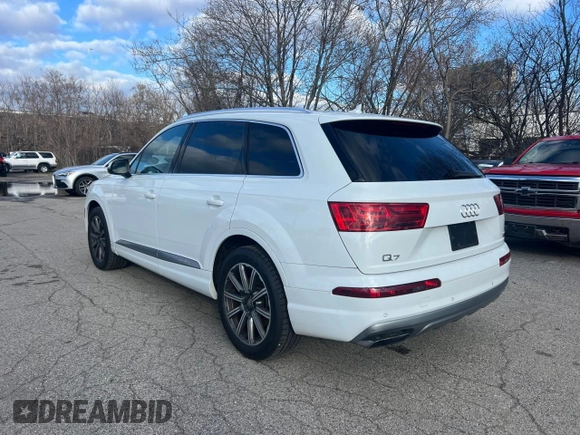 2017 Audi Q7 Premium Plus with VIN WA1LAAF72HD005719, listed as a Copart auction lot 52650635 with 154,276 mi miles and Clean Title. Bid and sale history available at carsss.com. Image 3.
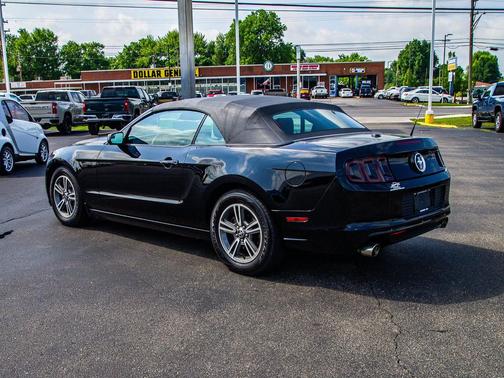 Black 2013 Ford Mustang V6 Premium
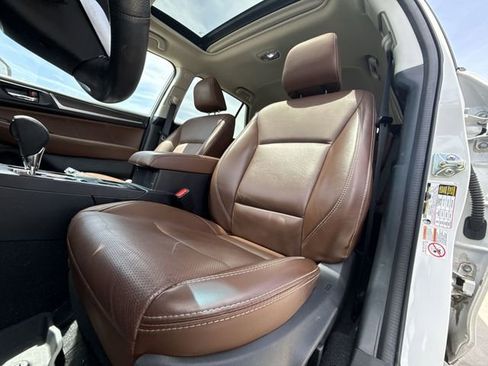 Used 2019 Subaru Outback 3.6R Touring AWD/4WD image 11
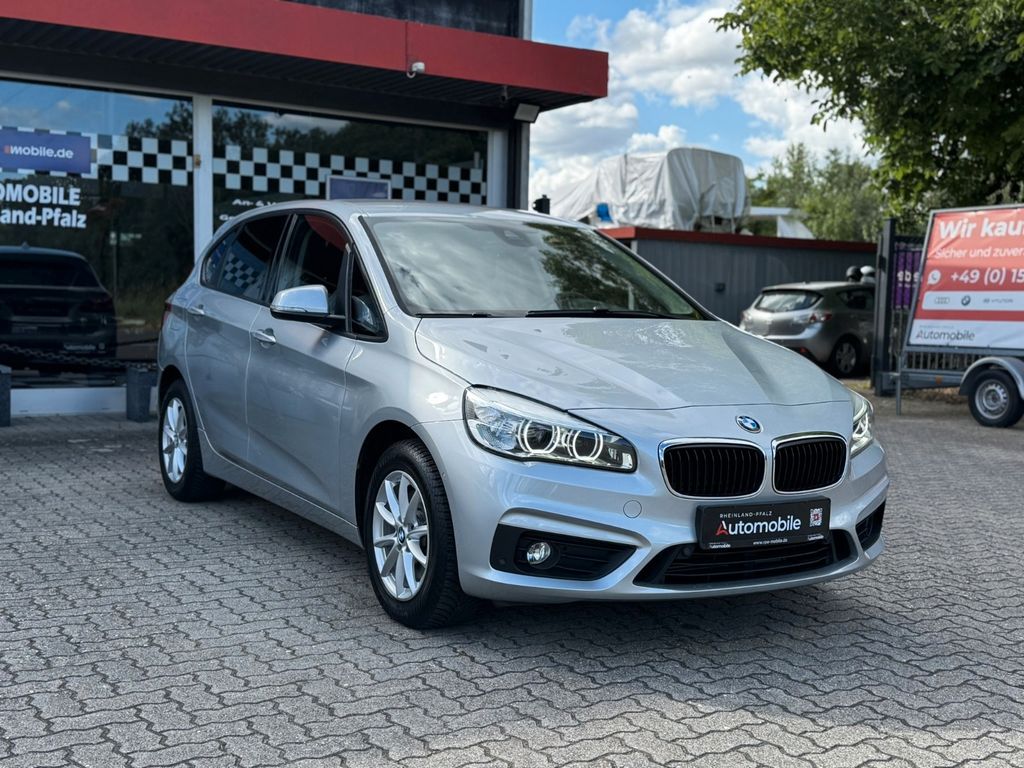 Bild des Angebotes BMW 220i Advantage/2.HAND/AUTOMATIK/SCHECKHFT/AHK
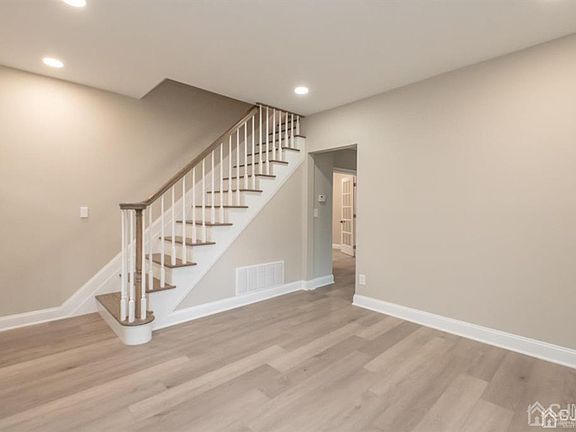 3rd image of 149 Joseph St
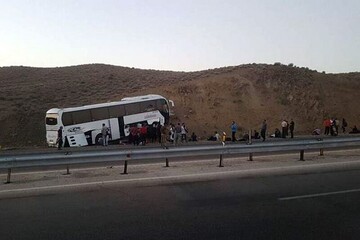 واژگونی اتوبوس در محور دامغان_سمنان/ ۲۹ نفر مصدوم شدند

Work task: Your reply should consist only of the lines running from the line with "Used 2019 Subaru" to the end of the entries, both included, copied exactly and without any pictures.

Answer section:
 Used 2019 Subaru Outback 3.6R Touring AWD/4WD image 11
 Bild des Angebotes BMW 220i Advantage/2.HAND/AUTOMATIK/SCHECKHFT/AHK
 3rd image of 149 Joseph St
 واژگونی اتوبوس در محور دامغان_سمنان/ ۲۹ نفر مصدوم شدند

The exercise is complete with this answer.